週刊RO通信

今日のCSRを考える

NO.1261

 企業の社会的責任・CSR(Corporate Social Responsibility)を思い出したい。企業は利益追求だけではなく、人権擁護・環境保護・地域貢献などの社会的責任を果たすべしとする経営理念である。

 これは企業が潤沢なおカネを持っているから果たす、ないから果たさないという性質のものではない。何となればこの考え方の根本はデモクラシーに立脚しているからである。デモクラシーに背馳してはいけない。

 2018年度の最低賃金について時給全国平均874円が打ち出された。例によって財界寄り新聞は「生産性向上が第一」論を掲げる。もちろん、圧倒的多数の中小企業の経営が苦しいという事情がある。

 一方、この数字によって8時間労働で月20日間働くとすれば、働く人の月収は13万9,840円、年収では167万8,080円であって、年収200万円見合いの時給1,000には、とても及ばない。

 働く人の最低生活保障費用の算定には、もちろん、いろいろな主張があるが、働く人の最低限度の安定的生活を前提とすれば874円が高いとは言えない。これは理屈を言うならば人権問題である。

 企業の考え方は「ない袖は振れない」というにある。さりとて賃金によって生活を維持し人生を作っていく働く人からすれば、「ない袖」論で片付けられる問題ではない。

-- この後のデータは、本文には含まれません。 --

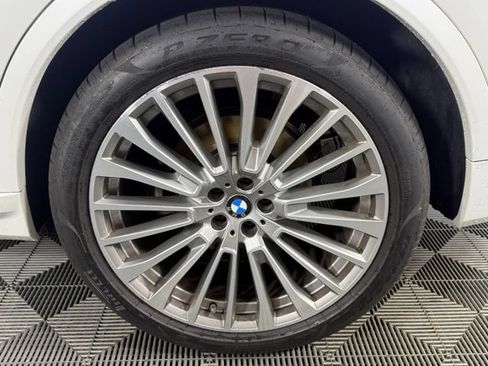 Used 2022 BMW X7 xDrive40i w/ Premium Package AWD/4WD image 13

 中小企業の経営が苦しいのは、大方の中小企業が大企業体制に組み込まれていて、両者間取引に非対等的慣行がある面を無視できない。つまり、「大企業>中小企業>働く人」という流れで、働く人がもっぱら割を食っている。

 最低賃金制度を支える精神は、賃金を通して働く人の人権を守ろうとするのであるから、まさに企業のCSRとして考えれば、ここに「生産性向上」をぶつける新聞論調は的外れである。

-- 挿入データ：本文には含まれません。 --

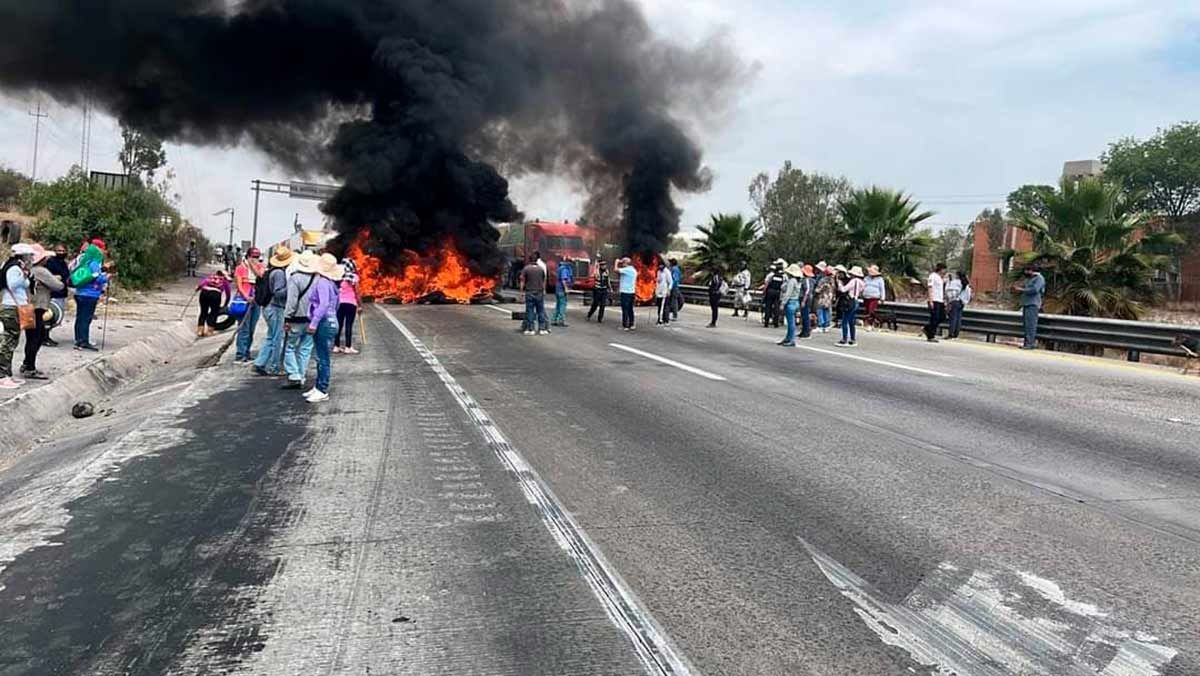 Vecinos cerraron ambos sentidos de la México-Querétaro para exigir que se sofoque un incendio en Tepotzotlán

 CSRを再考してみると、営利を目的とする企業が、目的のために何でもありとばかり好き放題しない(させない)という意義を押さえておく必要がある。ブラック企業は有名な! 企業ばかりではない。

 たとえば「生産性向上」論を天の声のごとくに吹聴する新聞などは、すべてを営利優先論にするべしという「思想宣伝」をしているのであるから、CSRに背いている企業だと言うしかない。

 メディア企業はいずれ劣らず「言論および出版、表現の自由」を主張するが、それは社会進歩、すなわちデモクラシーをさらに発展させるという大前提があってのことである。

 「権力>有力者>庶民」の現状からすれば、庶民にしわ寄せされないような立場、すなわち「権力=有力者=庶民」の対等関係を導くように論陣を張るのがメディア企業のCSRというものでなければならない。

 つまり、権力に近い正論と、庶民に近い正論が並立する場合、庶民に近い正論を掲げてこそ、メディアがCSRを果たすと言えるのであって、権力の提灯持ちをすることはCSRに背く企業活動だと、わたしは断ずる。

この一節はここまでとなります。